Our experimental technique to synthesize material at high pressure and temperature is useful not only for Earth science but also for new materials research. Like graphite to diamond transformation, all materials undergo phase transition to high-pressure forms with increasing pressure. The high-pressure phase sometimes shows completely different physical properties. Material synthesis is now possible at 250 GPa and 2000 K by the laser-heated diamond anvil cell (LHDAC) techniques.

The Earth’s mantle has a layered structure due to a structural change of its main constituent minerals. It has long been believed that the mantle is divided into four layers with three major phase transitions at 410, 520, and 660-km depths. Our discovery indicates that there is one more phase change at 2600-2700-km depth. The last phase transition and the fifth layer of the mantle were finally revealed by this study.

In addition, a long-term enigma in the deepest mantle may be reconciled with this new mineral. Since a number of large seismic anomalies cannot be explained with known mantle minerals, the lowermost mantle has long been the most enigmatic region in the Earth’s interior. It has often been discussed that these seismic anomalies are of thermal or chemical origin. Most of them can simply have been caused by the newly discovered post-perovskite phase.

MgSiO3 is a representative chemical composition of the Earth’s mantle. MgSiO3 adopts perovskite structure above 23 GPa, and is believed to be a predominant mineral, at least in the upper part of the lower mantle. However, the stability of MgSiO3 perovskite has never been confirmed in the deep lower mantle.

The pressure and temperature condition at the bottom of the mantle is 135 GPa and ~2500 K. It has been very difficult to generate such extreme conditions and collect x-ray diffraction data.
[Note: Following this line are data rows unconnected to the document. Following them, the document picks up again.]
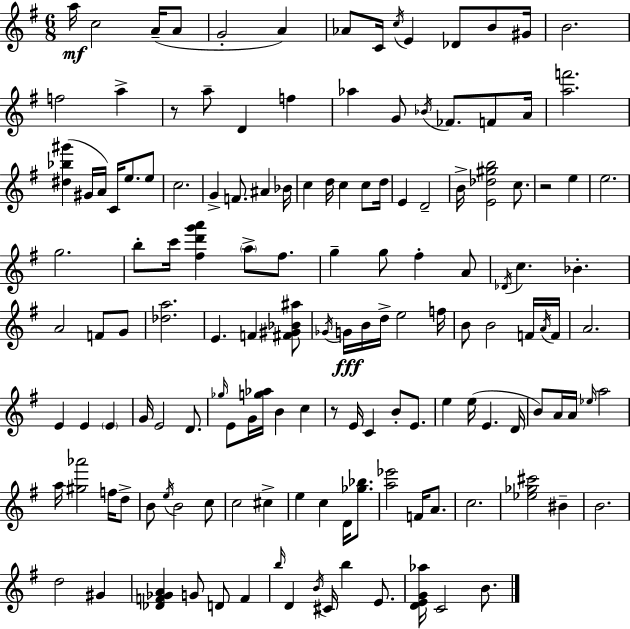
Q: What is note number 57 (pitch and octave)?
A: C5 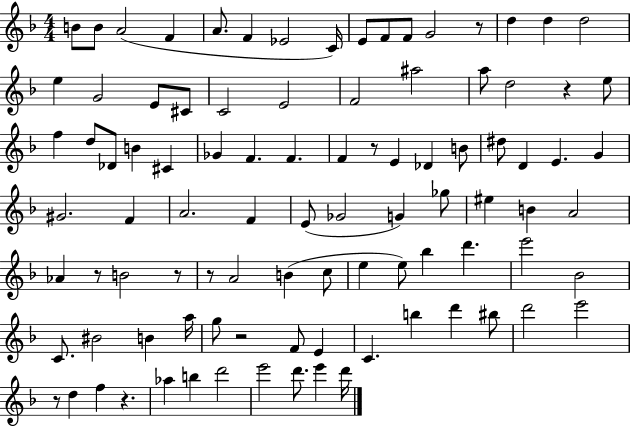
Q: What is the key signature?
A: F major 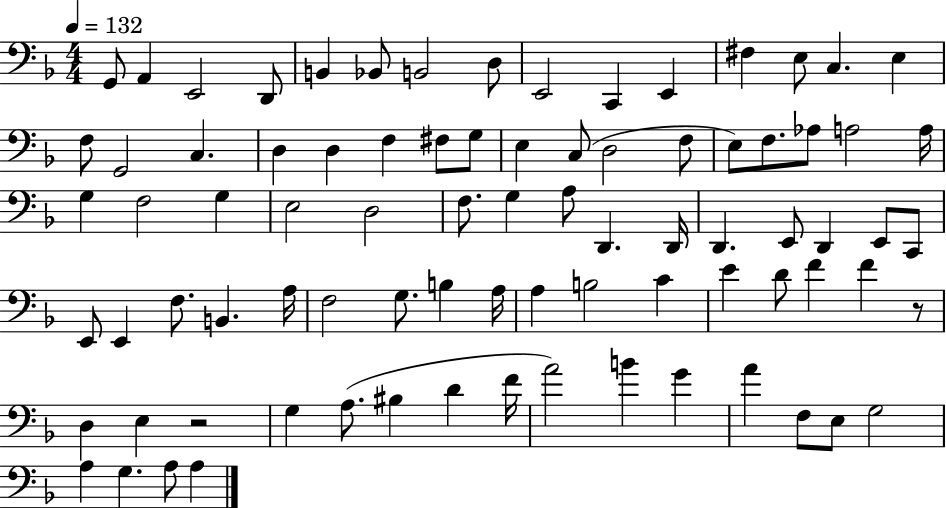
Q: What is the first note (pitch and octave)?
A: G2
We started x-ray experiments in 2001 at BL10XU of SPring-8, the largest synchrotron facility in the world. Due to a number of technical improvements, experiments over 100 GPa and 2000 K became possible recently. Only a few groups, including ours, are currently working at such conditions.

Our discovery largely owes to the above-noted technical improvements. We first performed x-ray diffraction experiments on MgSiO3 perovskite up to the condition at the base of the mantle. The phase transition of MgSiO3 perovskite was observed above 125 GPa and 2500 K.